[comp.protocols.tcp-ip] Proxy Arp -- How is it Implemented?

bruce@ssc-vax.UUCP (Bruce Stock) (03/29/89)

After reading many references to the use of proxy arp, I decided to consult
RFC 925 to get the details.  The description there did not match the
mechanism I had mentally envisioned from descriptions of what proxy arp does.

In brief, the RFC describes a mechanism for extending the arp reply service
by expanding the arp cache in the gateway, via a somewhat elaborate means,
to include end systems which the gateway can get to on other networks.  

From reading about the service offered by proxy arp elsewhere, I had
assumed that a gateway would implement it not by an expansion of the arp cache,
but by coupling arp with the routing table.  E.G.:
	1. Recieve Arp request
	2. Consult routing table to see if I can reach the destination
	3. If I can, reply to the arp with my physical address
	4. If not, do nothing.

So my question is:  How is it done in the real world?  Per RFC925, per above,
or otherwise?


		Regards,  Bruce Stock
			uw-beaver!ssc-vax!bruce

hedrick@geneva.rutgers.edu (Charles Hedrick) (03/30/89)

RFC 925 does not describe how proxy ARP is implemented.  The RFC
proposes a new kind of packet switch, which is somewhere between a
normal IP gateway and a bridge.  ARP is used as part of the design,
but this is *not* proxy ARP as currently used.  (Indeed that term does
not occur in the RFC.)  RFC 925 is describing something that looks a
lot like a learning bridge.  Like a bridge, there is no mapping
between IP address and network topology, i.e. no subnetting.  Like a
bridge, hosts are listed individually in the routing tables, unlike
gateways, which only keep track of routes to nets and subnets (except
for the directly connected subnets, which need ARP caches).  It's an
interesting proposal, but it isn't proxy ARP as currently used.

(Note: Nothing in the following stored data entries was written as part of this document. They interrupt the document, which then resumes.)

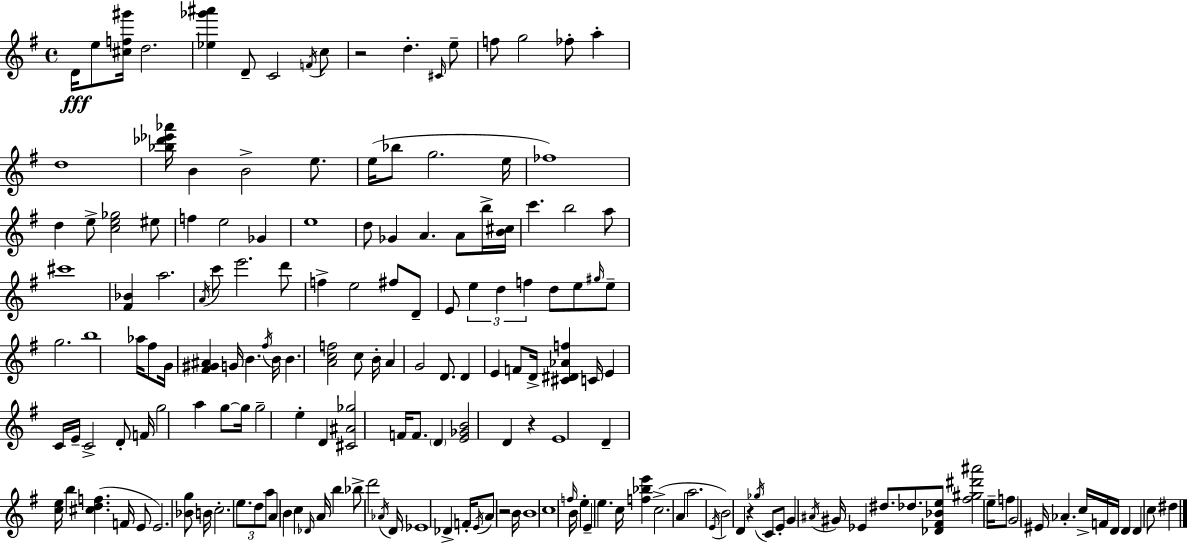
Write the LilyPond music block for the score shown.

{
  \clef treble
  \time 4/4
  \defaultTimeSignature
  \key e \minor
  d'16\fff e''8 <cis'' f'' gis'''>16 d''2. | <ees'' ges''' ais'''>4 d'8-- c'2 \acciaccatura { f'16 } c''8 | r2 d''4.-. \grace { cis'16 } | e''8-- f''8 g''2 fes''8-. a''4-. | \break d''1 | <bes'' des''' ees''' aes'''>16 b'4 b'2-> e''8. | e''16( bes''8 g''2. | e''16 fes''1) | \break d''4 e''8-> <c'' e'' ges''>2 | eis''8 f''4 e''2 ges'4 | e''1 | d''8 ges'4 a'4. a'8 | \break b''16-> <b' cis''>16 c'''4. b''2 | a''8 cis'''1 | <fis' bes'>4 a''2. | \acciaccatura { a'16 } c'''8 e'''2. | \break d'''8 f''4-> e''2 fis''8 | d'8-- e'8 \tuplet 3/2 { e''4 d''4 f''4 } | d''8 e''8 \grace { gis''16 } e''8-- g''2. | b''1 | \break aes''16 fis''8 g'16 <fis' gis' ais'>4 g'16 b'4. | \acciaccatura { fis''16 } b'16 b'4. <a' c'' f''>2 | c''8 b'16-. a'4 g'2 | d'8. d'4 e'4 f'8 d'16-> | \break <cis' dis' aes' f''>4 c'16 e'4 c'16 e'16-- c'2-> | d'8-. f'16 g''2 a''4 | g''8~~ g''16 g''2-- e''4-. | d'4 <cis' ais' ges''>2 f'16 f'8. | \break \parenthesize d'4 <e' ges' b'>2 d'4 | r4 e'1 | d'4-- <c'' e''>16 b''4 <cis'' d'' f''>4.( | f'16 e'8 e'2.) | \break <bes' g''>8 b'16 c''2.-. | \tuplet 3/2 { e''8. d''8 a''8 } a'4 b'4 | c''4 \grace { des'16 } a'16 b''4 bes''8-> d'''2 | \acciaccatura { aes'16 } d'16 ees'1 | \break des'4-> f'16-. \acciaccatura { e'16 } a'8 r2 | b'16 b'1 | \parenthesize c''1 | \grace { f''16 } b'16 e''4-. e'4-- | \break e''4. c''16 <f'' bes'' e'''>4 c''2.->( | a'4 a''2. | \acciaccatura { e'16 }) b'2 | d'4 r4 \acciaccatura { ges''16 } c'8 e'8-. g'4 | \break \acciaccatura { ais'16 } gis'16 ees'4 dis''8. des''8. <des' fis' bes' e''>8 | <fis'' gis'' dis''' ais'''>2 e''16-- f''8 g'2 | eis'16 aes'4.-. c''16-> f'16 d'16 d'4 | d'4 c''8 dis''4 \bar "|."
}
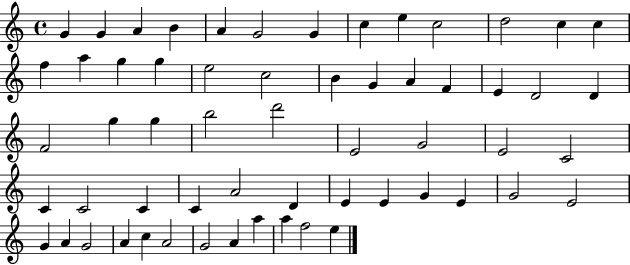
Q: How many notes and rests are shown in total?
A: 59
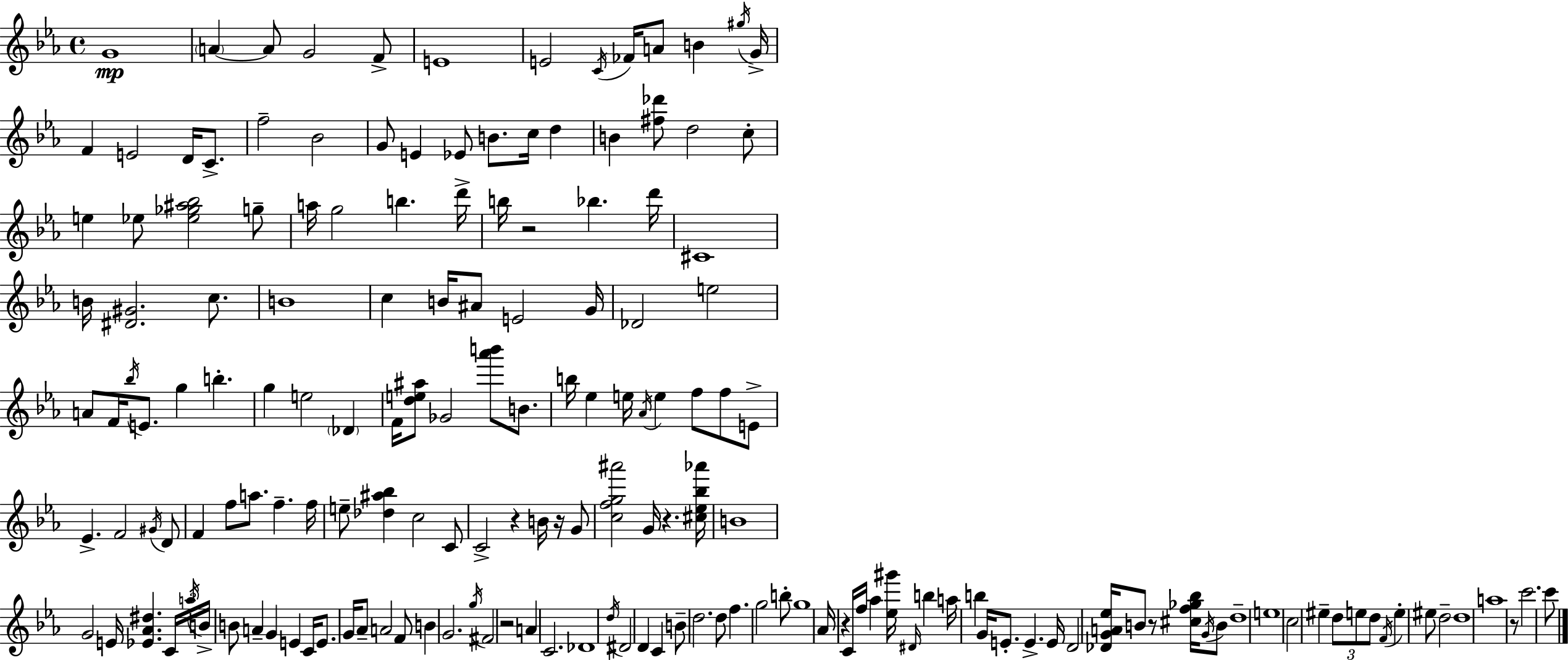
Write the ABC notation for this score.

X:1
T:Untitled
M:4/4
L:1/4
K:Cm
G4 A A/2 G2 F/2 E4 E2 C/4 _F/4 A/2 B ^g/4 G/4 F E2 D/4 C/2 f2 _B2 G/2 E _E/2 B/2 c/4 d B [^f_d']/2 d2 c/2 e _e/2 [_e_g^a_b]2 g/2 a/4 g2 b d'/4 b/4 z2 _b d'/4 ^C4 B/4 [^D^G]2 c/2 B4 c B/4 ^A/2 E2 G/4 _D2 e2 A/2 F/4 _b/4 E/2 g b g e2 _D F/4 [de^a]/2 _G2 [_a'b']/2 B/2 b/4 _e e/4 _A/4 e f/2 f/2 E/2 _E F2 ^G/4 D/2 F f/2 a/2 f f/4 e/2 [_d^a_b] c2 C/2 C2 z B/4 z/4 G/2 [cfg^a']2 G/4 z [^c_e_b_a']/4 B4 G2 E/4 [_E_A^d] C/4 a/4 B/4 B/2 A G E C/4 E/2 G/4 _A/2 A2 F/2 B G2 g/4 ^F2 z2 A C2 _D4 d/4 ^D2 D C B/2 d2 d/2 f g2 b/2 g4 _A/4 z C/4 f/4 _a [_e^g']/4 ^D/4 b a/4 b G/4 E/2 E E/4 D2 [_DGA_e]/4 B/2 z/2 [^cf_g_b]/4 G/4 B/2 d4 e4 c2 ^e d/2 e/2 d/2 F/4 e ^e/2 d2 d4 a4 z/2 c'2 c'/2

Proxy ARP is used with conventional IP gateways (routers).  It is
exactly as you describe: a gateway responds to ARP requests for
targets on the other side of the gateway.  It decides whether to
respond to an ARP by looking in its routing tables.  There are two
uses for proxy ARP

  - some gateways implement it only for subnets of the local network.
	The intention is to handle the problem of hosts that do not
	understand subnets.

  - some gateways implement it for all destinations.  In that case it
	is possible for a host to use ARP as a gateway discovery
	technique for all destinations.

I believe proxy ARP was originally invented only to handle hosts that
don't implement subnets.  However we use the second approach at
Rutgers: where possible our hosts are set to issue ARP requests for
all destinations.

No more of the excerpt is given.